8 Responses to “Could it be that Al Qaeda is a “Cresting Wave””

  1. Sounds like a job for Rudy Giuliani.

    DRJ (5c60fb)

  2. Funny you should say that, DRJ. I was just musing that from the recent revelations about Kerik, Giuliani’s mob prosecutions may have been only taking out the competition.

    nk (597e8b)

  3. Zing. Still, it might be worth it. I prefer Tony Soprano to Osama bin Laden.

    DRJ (5c60fb)

  4. The lack of sophistication that seems to go hand-in-hand with this third generation description might account for the inability of any group to carry out any truly significant attacks since Madrid.

    Or, maybe it’s because we’ve been secretly waterboarding them.

    dave (c44c9b)

  5. What amazes me is the number of lefty bloggers and MSM reporters who haven’t read “Looming Tower.” They have the best source on the enemy and they don’t want to know. Back in the late 1930s, I wonder how many of the British and French politicians who were appeasing Hitler, had read Mein Kampf?

    Mike K (86bddb)

  6. It seems Charles McCarry predicted this world; with some specificity more than a quarter century
    ago.
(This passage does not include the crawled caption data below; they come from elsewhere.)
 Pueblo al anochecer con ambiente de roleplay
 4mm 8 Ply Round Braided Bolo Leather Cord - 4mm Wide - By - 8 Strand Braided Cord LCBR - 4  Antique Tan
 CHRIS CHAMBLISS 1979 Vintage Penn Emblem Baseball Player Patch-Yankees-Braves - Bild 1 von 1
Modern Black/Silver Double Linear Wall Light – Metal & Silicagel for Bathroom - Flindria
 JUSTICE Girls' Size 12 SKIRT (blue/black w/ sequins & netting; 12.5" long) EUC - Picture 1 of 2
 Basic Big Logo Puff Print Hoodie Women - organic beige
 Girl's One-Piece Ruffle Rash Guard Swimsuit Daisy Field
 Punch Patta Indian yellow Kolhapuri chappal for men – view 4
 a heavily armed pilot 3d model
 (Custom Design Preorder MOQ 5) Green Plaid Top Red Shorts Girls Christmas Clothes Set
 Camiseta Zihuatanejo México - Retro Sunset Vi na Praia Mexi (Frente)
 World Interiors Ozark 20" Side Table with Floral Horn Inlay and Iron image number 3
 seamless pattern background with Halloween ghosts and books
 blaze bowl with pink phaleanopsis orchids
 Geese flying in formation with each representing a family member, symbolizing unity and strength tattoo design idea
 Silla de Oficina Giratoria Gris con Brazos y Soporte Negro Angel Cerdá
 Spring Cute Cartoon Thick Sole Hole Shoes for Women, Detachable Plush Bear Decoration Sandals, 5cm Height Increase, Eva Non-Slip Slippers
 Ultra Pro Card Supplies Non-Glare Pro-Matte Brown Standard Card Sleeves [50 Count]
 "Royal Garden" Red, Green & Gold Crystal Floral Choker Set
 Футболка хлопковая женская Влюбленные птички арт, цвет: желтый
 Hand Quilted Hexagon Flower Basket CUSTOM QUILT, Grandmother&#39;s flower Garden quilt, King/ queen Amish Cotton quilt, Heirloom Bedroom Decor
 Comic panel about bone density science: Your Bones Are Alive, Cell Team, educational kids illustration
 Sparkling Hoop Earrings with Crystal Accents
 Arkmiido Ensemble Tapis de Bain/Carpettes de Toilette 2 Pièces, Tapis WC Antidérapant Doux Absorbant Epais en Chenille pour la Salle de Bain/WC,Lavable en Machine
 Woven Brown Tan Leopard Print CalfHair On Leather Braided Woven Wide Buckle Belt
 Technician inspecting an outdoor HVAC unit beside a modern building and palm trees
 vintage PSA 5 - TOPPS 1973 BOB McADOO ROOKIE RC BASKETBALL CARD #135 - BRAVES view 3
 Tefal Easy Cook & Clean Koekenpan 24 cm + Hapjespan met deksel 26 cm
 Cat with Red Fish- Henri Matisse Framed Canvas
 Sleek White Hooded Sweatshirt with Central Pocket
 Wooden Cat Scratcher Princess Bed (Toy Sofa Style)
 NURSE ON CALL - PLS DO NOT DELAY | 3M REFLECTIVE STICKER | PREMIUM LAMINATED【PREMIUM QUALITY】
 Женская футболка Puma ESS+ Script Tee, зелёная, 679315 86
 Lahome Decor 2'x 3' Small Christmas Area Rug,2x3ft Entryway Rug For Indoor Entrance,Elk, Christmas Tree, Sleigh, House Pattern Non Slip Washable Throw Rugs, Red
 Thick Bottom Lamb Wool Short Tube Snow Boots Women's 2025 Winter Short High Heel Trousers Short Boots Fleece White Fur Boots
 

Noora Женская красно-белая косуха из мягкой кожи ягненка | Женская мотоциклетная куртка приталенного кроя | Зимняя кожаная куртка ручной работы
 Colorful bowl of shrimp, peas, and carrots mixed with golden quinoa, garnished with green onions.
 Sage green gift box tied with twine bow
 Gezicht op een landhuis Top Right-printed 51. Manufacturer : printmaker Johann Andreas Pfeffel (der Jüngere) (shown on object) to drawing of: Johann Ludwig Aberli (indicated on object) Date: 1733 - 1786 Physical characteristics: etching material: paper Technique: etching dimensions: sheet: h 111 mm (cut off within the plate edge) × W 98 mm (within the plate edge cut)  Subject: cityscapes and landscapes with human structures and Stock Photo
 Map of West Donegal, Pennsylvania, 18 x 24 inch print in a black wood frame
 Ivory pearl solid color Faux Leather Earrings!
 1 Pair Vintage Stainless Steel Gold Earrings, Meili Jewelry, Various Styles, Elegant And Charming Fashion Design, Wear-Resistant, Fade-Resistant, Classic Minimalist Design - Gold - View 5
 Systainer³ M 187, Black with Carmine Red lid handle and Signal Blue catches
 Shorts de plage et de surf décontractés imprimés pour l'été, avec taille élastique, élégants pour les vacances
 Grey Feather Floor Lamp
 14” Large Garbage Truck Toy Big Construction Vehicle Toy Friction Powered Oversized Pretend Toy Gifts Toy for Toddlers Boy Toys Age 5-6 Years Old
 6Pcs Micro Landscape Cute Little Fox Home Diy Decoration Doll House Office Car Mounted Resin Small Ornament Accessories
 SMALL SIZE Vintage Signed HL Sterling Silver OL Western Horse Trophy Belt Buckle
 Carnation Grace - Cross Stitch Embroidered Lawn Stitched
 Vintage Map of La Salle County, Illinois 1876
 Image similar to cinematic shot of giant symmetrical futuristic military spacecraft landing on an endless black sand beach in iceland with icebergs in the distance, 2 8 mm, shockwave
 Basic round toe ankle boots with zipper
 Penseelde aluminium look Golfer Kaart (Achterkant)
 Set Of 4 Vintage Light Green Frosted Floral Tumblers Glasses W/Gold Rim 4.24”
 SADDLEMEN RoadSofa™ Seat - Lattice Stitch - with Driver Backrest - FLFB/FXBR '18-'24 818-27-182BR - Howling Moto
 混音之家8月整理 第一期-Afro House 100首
In “The Better Angels” set back then in the near future of the year 2000; he portrayed a nihistic Palestinian terror group called the Eye of Gaza who specialized in suicide bombings. a cell based organization along the lines of Hamas and AQ. Interestingly he saw the real masterminds of the group as not Hassan Abdullah; the group’s leader but Ibn Awad, a mystical Arab prince of the oil rich country of Hagreb; whose description was then chillingly evocative of Saudi Arabia but could just as easily be Ahmadinejad’s Iran. In the tale a Frank Church type liberal President, having narrowly defeated a technocratic businessman conservative incumbent is driven to authorize a covert assasination by the successor
    agency to the discredited CIA; the FIS; in order
    to prevent a nuclear attack on the United States
    by the Eye of Gaza and Ibn Awad. The consequences
    of that act and the subsequent coverup lead to a
    razor thin presidential election; where electronic
    voting machines decide the results. Which prompts
    a presidential impeachment of said incumbent in the sequel published only 5 years before the events in Florida. Hollywood adapted the Better
    Angels into a get smart like slapstick comedy called “Wrong is Wright” where the antihero, an oily liberal newscaster Patrick Graham; is portrayed as the hero by Sean Connery.

    narciso (d671ab)

  7. Get back on your meds Narcisco.

    red (9e9332)

  8. Mike K #5,

    Your point about Mein Kampf well illustrates the difference between today’s left anf the liberals of prior generations. Hitler had published an unexpurgated edition of Mein Kampf in German but a very abridged “don’t scare the capitalists” translation in English. Alan Cranston, a liberal even in California, bootlegged a complete translation in English to warn the West of what it was dealing with.